Records to use
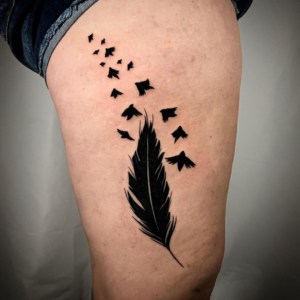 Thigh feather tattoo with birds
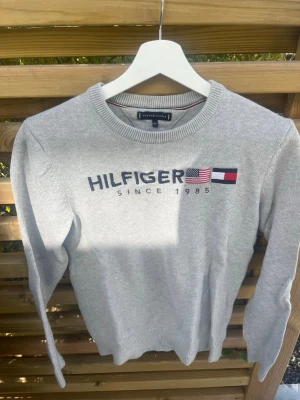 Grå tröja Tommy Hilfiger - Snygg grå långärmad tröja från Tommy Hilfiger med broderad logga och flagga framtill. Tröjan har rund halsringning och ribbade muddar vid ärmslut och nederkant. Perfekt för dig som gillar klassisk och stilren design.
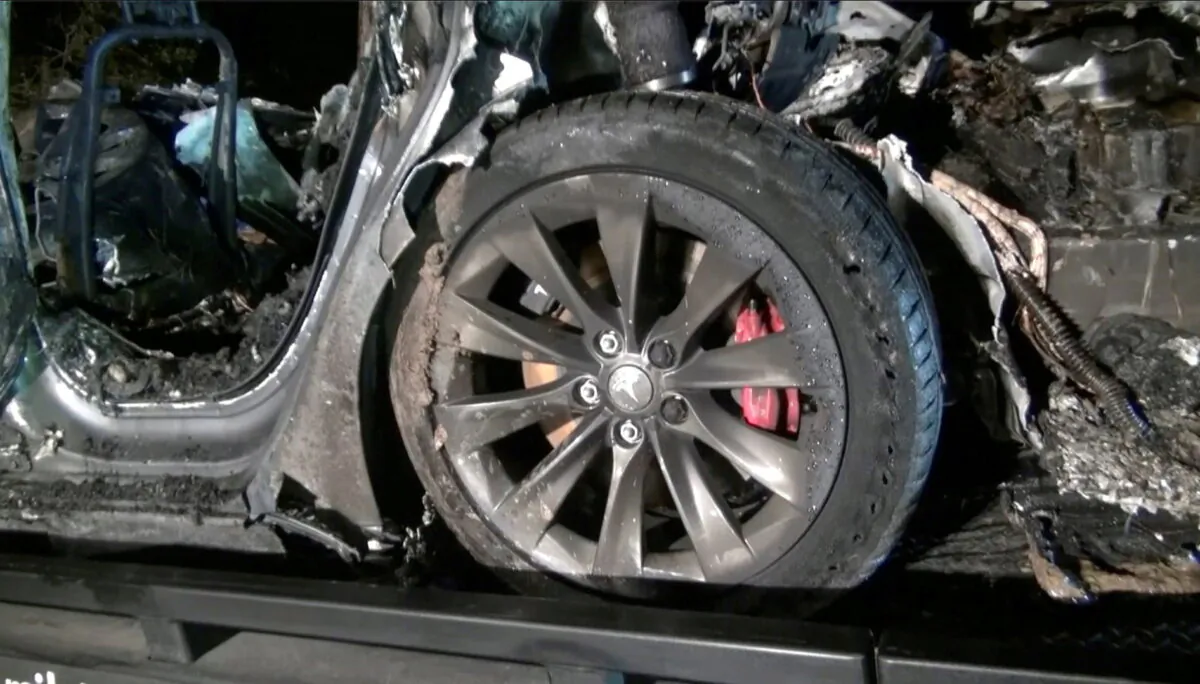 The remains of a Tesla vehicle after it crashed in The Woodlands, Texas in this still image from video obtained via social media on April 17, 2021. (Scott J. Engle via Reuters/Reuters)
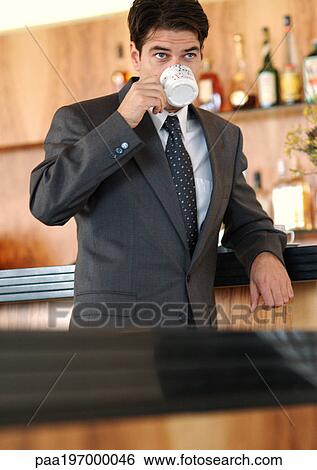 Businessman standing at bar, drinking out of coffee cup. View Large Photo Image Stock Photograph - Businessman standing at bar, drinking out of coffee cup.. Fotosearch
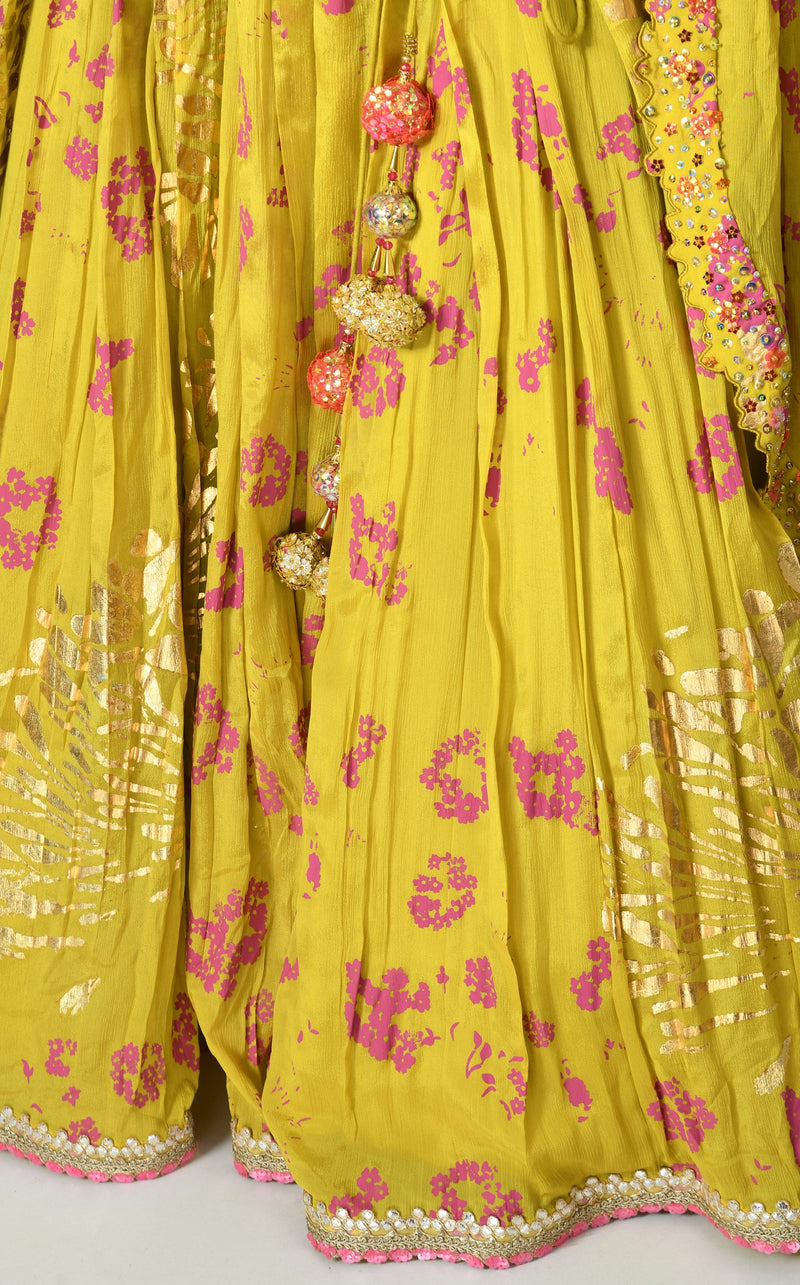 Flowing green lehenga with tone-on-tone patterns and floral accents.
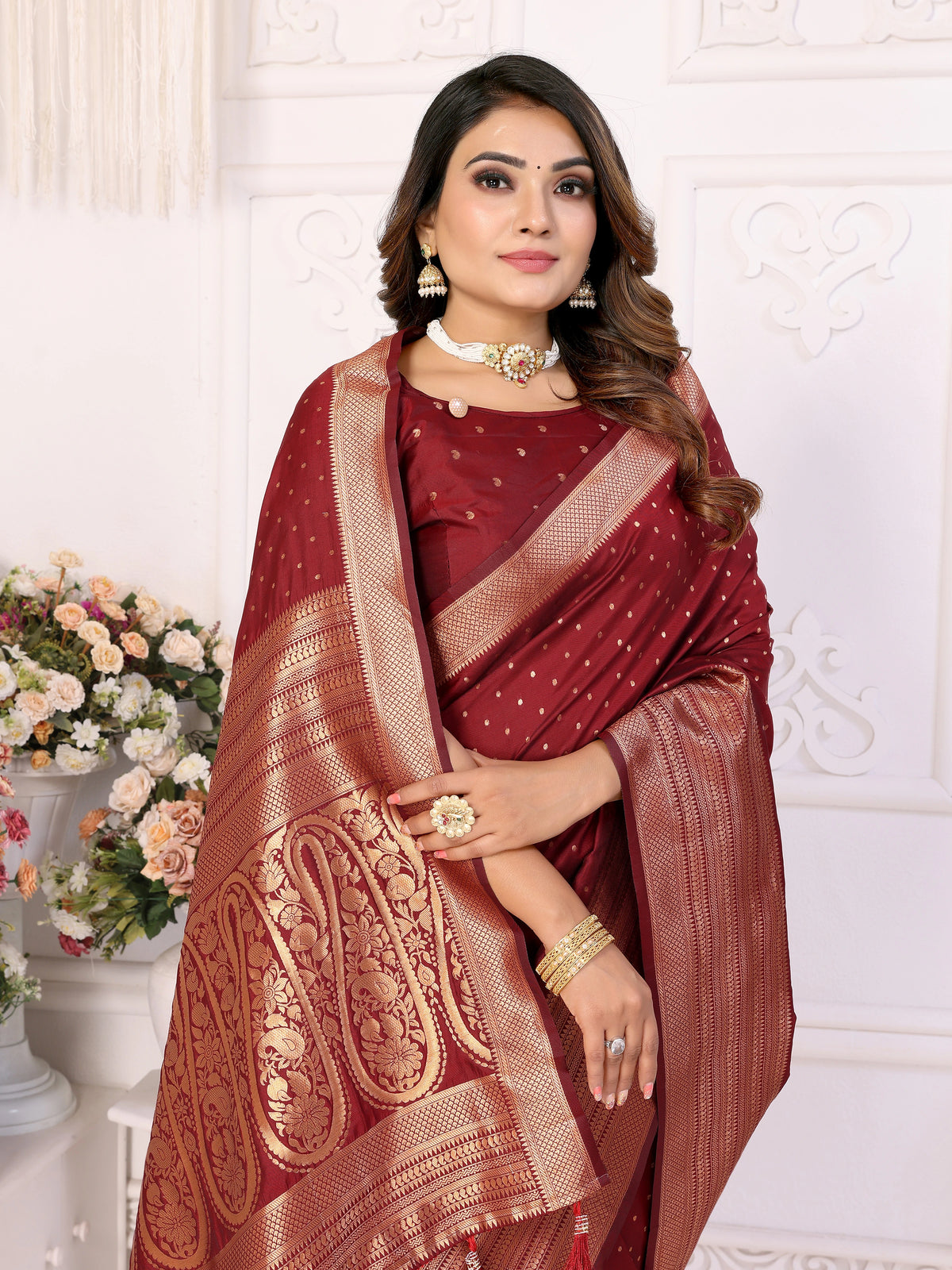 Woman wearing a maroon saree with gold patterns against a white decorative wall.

--

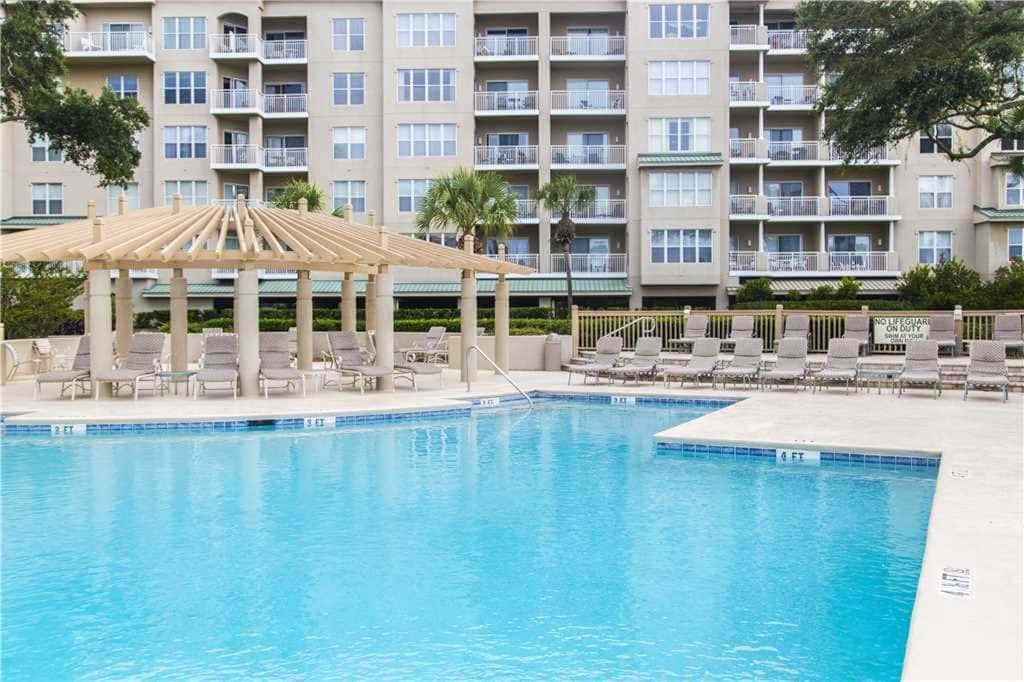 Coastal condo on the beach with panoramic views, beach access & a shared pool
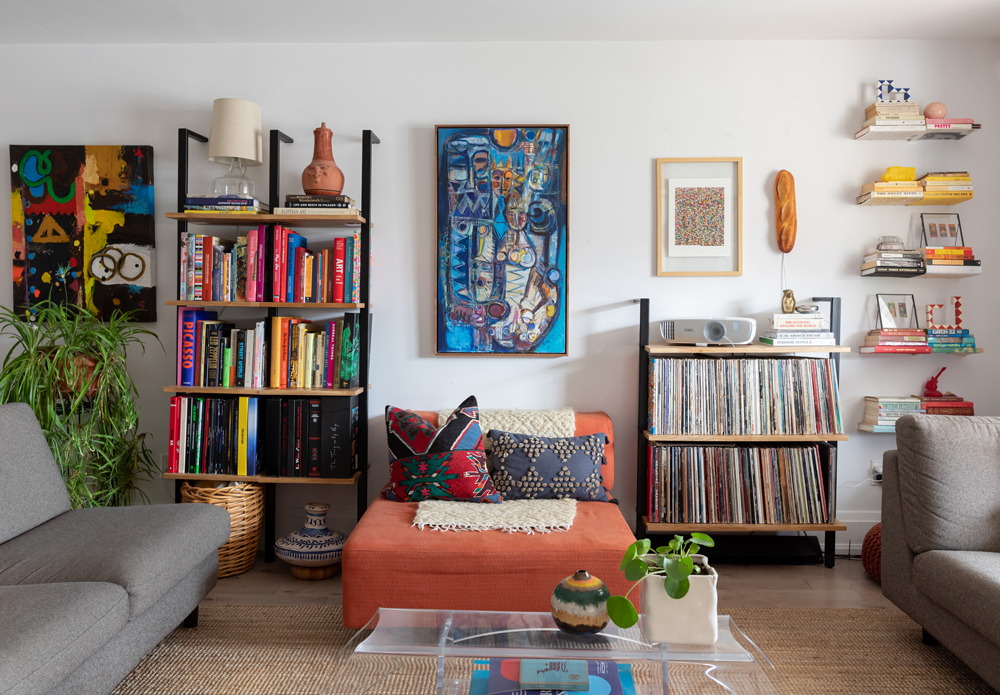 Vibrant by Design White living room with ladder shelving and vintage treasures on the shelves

...

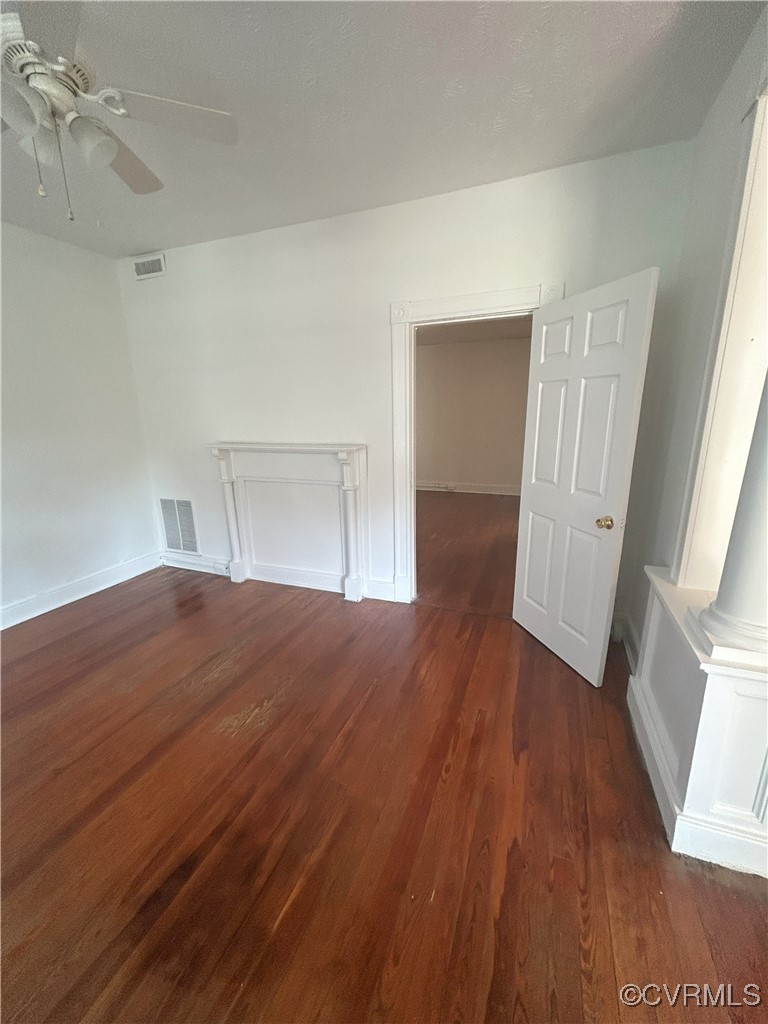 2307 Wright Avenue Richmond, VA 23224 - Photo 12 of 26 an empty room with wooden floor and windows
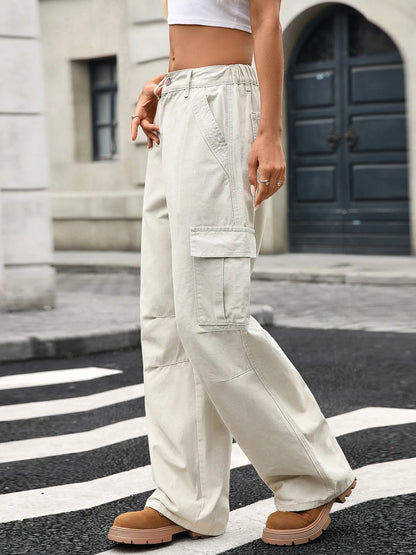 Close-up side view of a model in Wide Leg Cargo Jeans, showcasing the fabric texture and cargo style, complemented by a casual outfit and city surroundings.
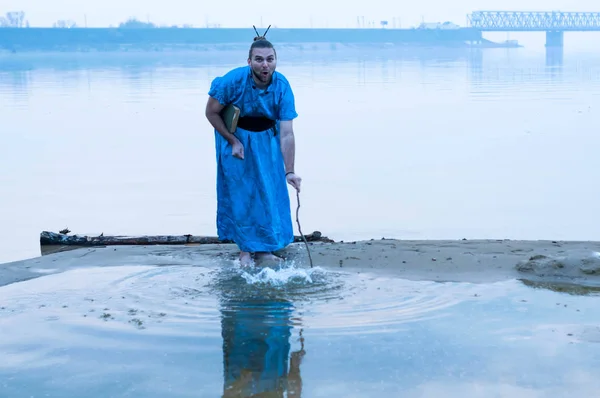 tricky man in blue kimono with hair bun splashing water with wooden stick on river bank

Goal of the exercise
Beginning at the line that has "Thigh feather tattoo with birds" and ending at the line that has "Woman wearing a", restate the listing above word for word, pictures left out.

Output below
 Thigh feather tattoo with birds
 Grå tröja Tommy Hilfiger - Snygg grå långärmad tröja från Tommy Hilfiger med broderad logga och flagga framtill. Tröjan har rund halsringning och ribbade muddar vid ärmslut och nederkant. Perfekt för dig som gillar klassisk och stilren design.
 The remains of a Tesla vehicle after it crashed in The Woodlands, Texas in this still image from video obtained via social media on April 17, 2021. (Scott J. Engle via Reuters/Reuters)
 Businessman standing at bar, drinking out of coffee cup. View Large Photo Image Stock Photograph - Businessman standing at bar, drinking out of coffee cup.. Fotosearch
 Flowing green lehenga with tone-on-tone patterns and floral accents.
 Woman wearing a maroon saree with gold patterns against a white decorative wall.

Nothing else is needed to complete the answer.